*** Entries provided ***
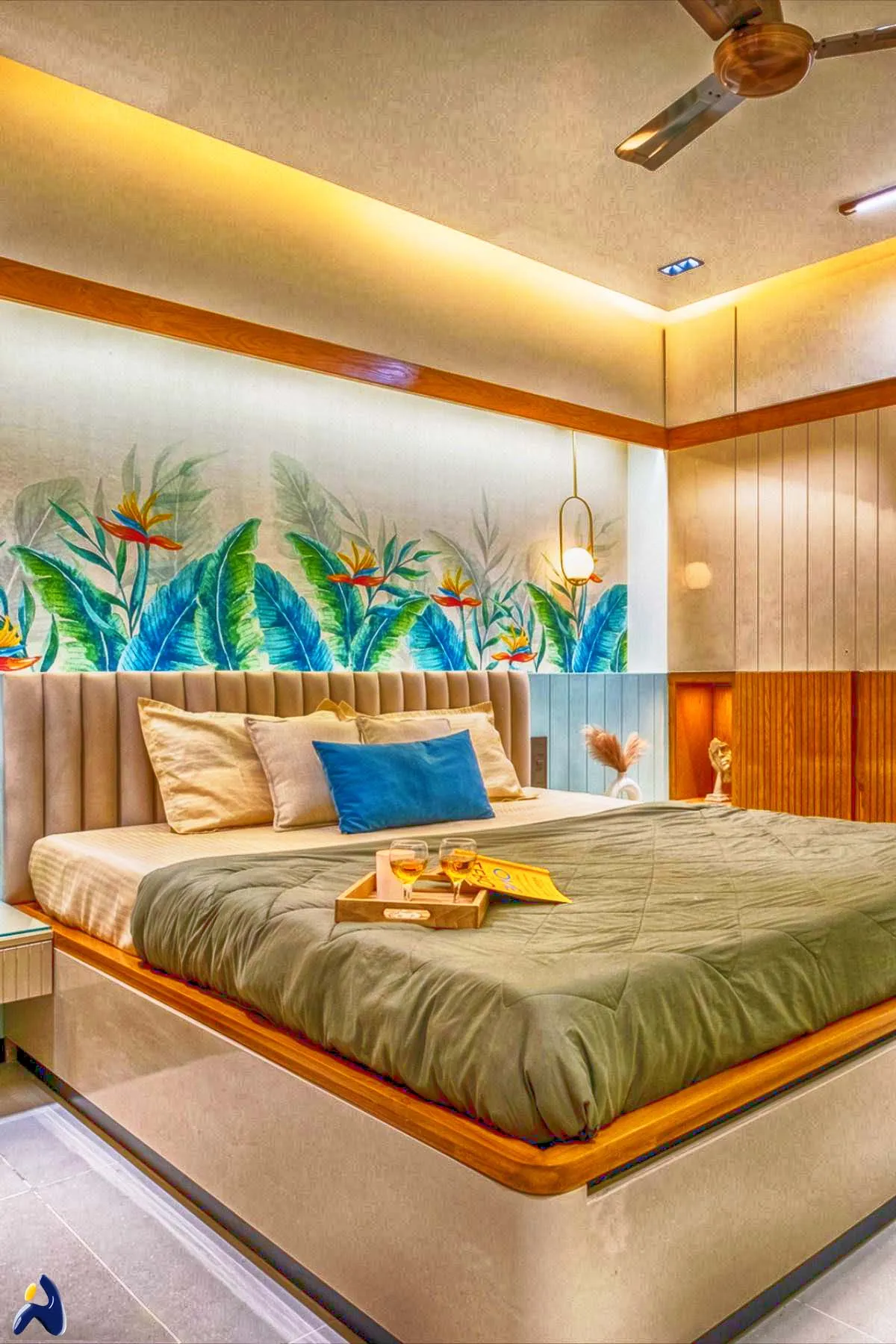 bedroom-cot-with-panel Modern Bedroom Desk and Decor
*** End of Entries provided ***
*** Entries provided ***
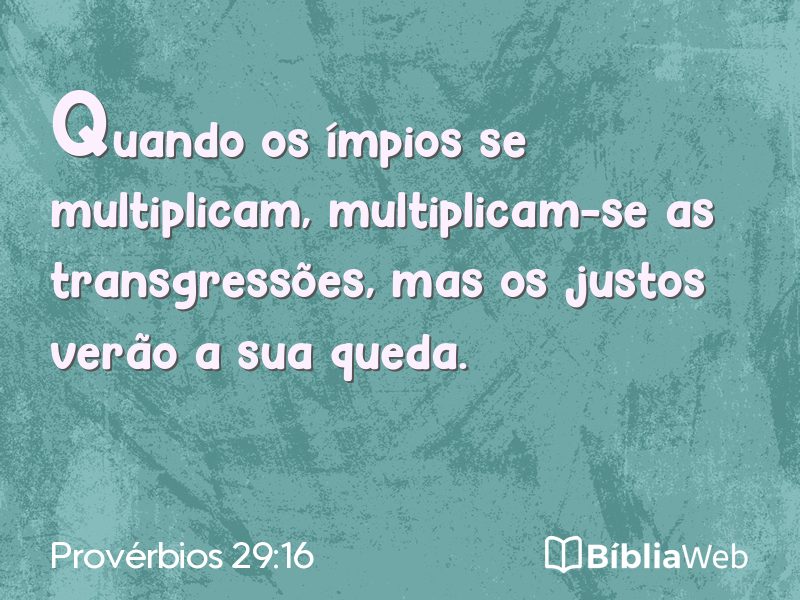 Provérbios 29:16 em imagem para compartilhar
*** End of Entries provided ***
*** Entries provided ***
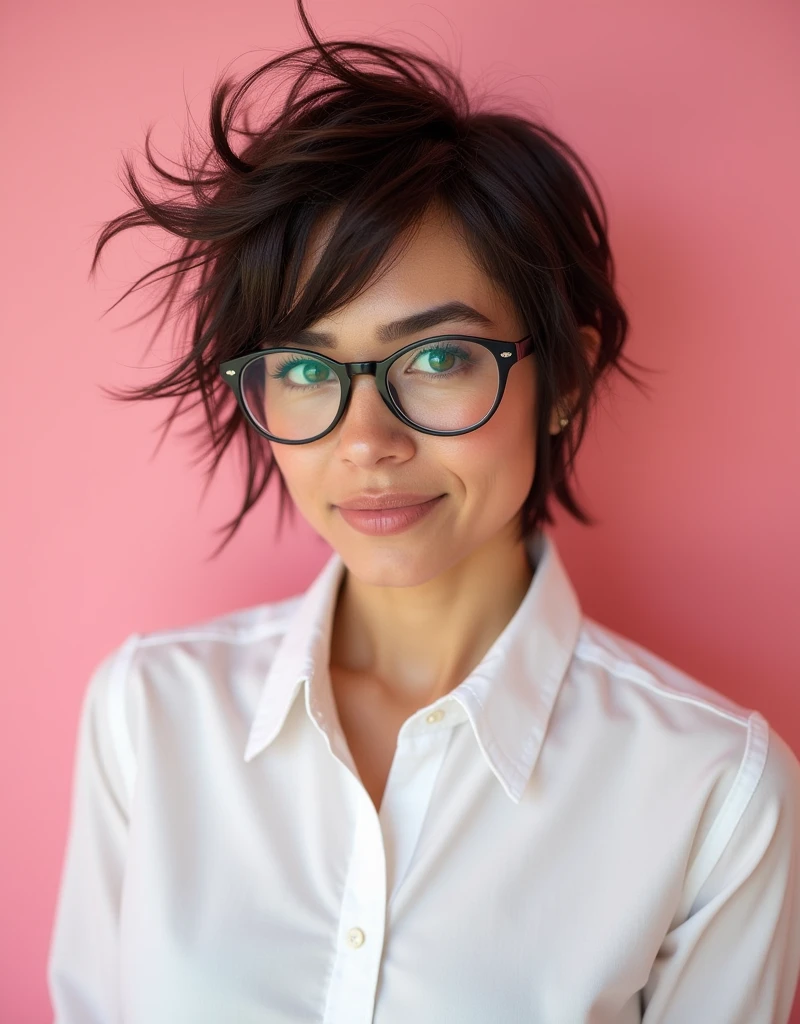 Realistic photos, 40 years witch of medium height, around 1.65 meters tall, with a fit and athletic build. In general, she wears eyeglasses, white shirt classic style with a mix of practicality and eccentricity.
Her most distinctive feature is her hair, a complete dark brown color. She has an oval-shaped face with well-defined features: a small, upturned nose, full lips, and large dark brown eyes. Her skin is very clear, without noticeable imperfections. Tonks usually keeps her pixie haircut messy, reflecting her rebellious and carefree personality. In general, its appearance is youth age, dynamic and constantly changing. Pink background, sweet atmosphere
*** End of Entries provided ***
Assignment =
For the data above, set down exactly the lines from the line with "Realistic photos, 40" to the line with "Her most distinctive", both included, leaving pictures out.

Output for this task =
 Realistic photos, 40 years witch of medium height, around 1.65 meters tall, with a fit and athletic build. In general, she wears eyeglasses, white shirt classic style with a mix of practicality and eccentricity.
Her most distinctive feature is her hair, a complete dark brown color. She has an oval-shaped face with well-defined features: a small, upturned nose, full lips, and large dark brown eyes. Her skin is very clear, without noticeable imperfections. Tonks usually keeps her pixie haircut messy, reflecting her rebellious and carefree personality. In general, its appearance is youth age, dynamic and constantly changing. Pink background, sweet atmosphere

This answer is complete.